Task directions ▸
In the entries that follow, find the line containing "Dat doet-ie anders nooit - cover" and the line containing "boss dark blue", then retype exactly the lines from the first through the second, pictures excluded.

Data to use ▸
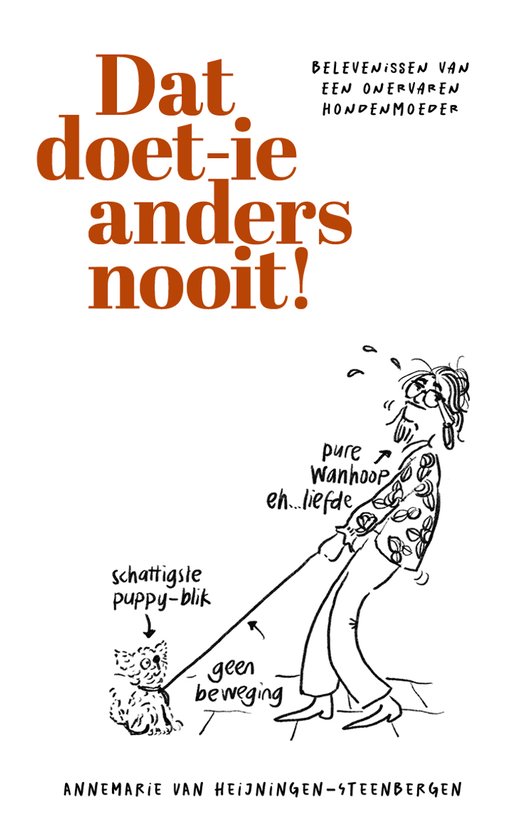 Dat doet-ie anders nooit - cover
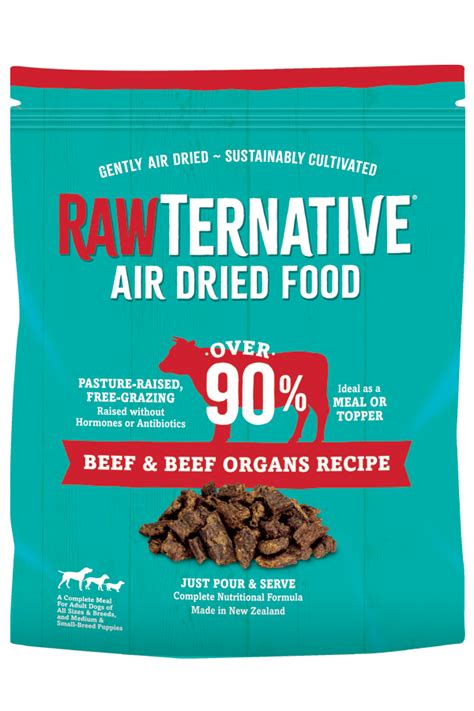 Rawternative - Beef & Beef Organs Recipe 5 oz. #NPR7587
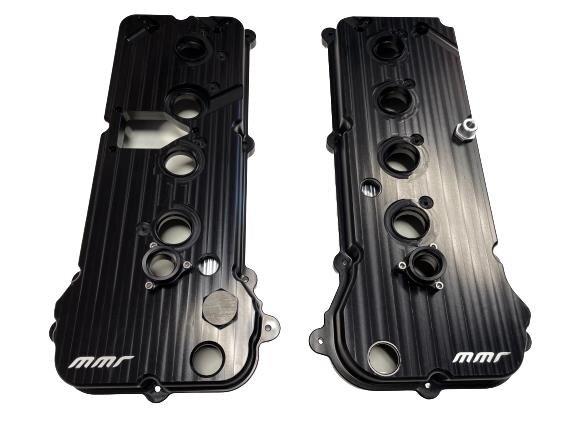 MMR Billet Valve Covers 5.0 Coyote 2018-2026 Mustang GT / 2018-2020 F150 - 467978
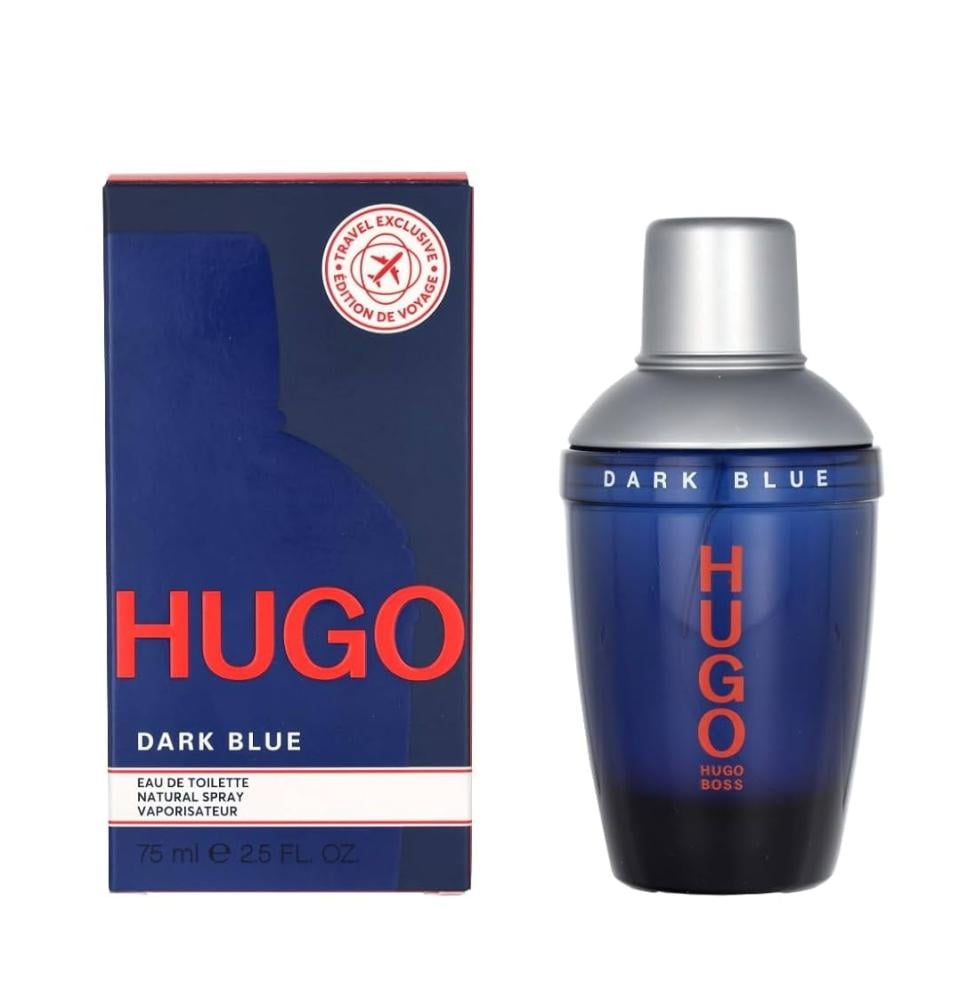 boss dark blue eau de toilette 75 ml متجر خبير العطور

==

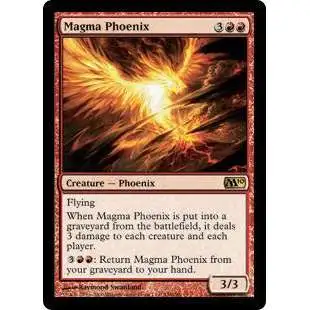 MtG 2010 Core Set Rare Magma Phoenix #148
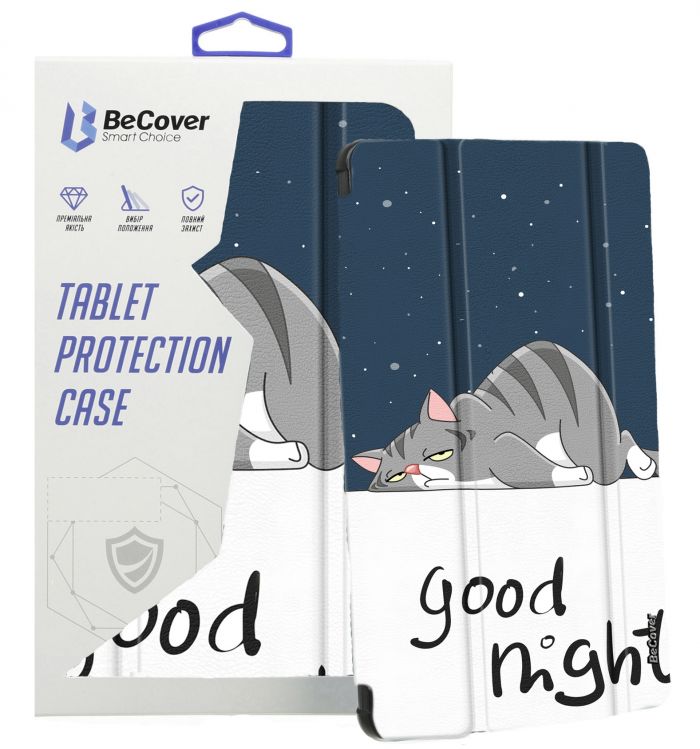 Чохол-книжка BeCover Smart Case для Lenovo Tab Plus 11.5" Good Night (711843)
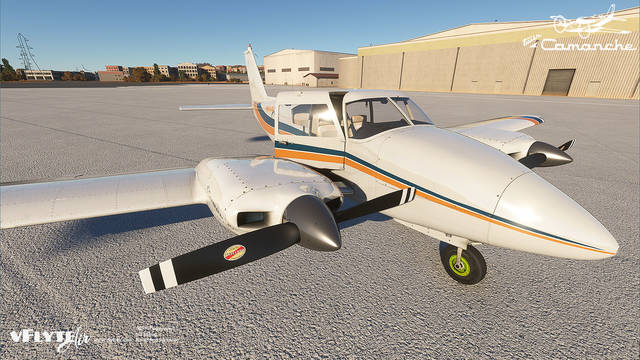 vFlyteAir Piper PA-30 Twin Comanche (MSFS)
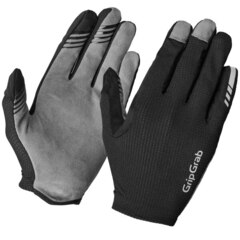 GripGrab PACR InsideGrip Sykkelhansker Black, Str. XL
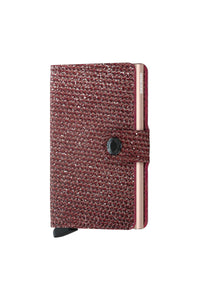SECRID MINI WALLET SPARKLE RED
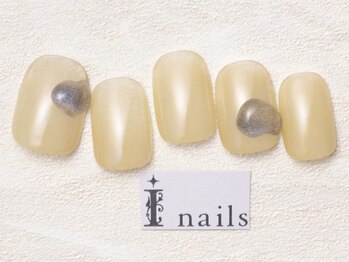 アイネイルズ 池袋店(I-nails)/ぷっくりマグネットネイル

Output for this task ▸
 Dat doet-ie anders nooit - cover
 Rawternative - Beef & Beef Organs Recipe 5 oz. #NPR7587
 MMR Billet Valve Covers 5.0 Coyote 2018-2026 Mustang GT / 2018-2020 F150 - 467978
 boss dark blue eau de toilette 75 ml متجر خبير العطور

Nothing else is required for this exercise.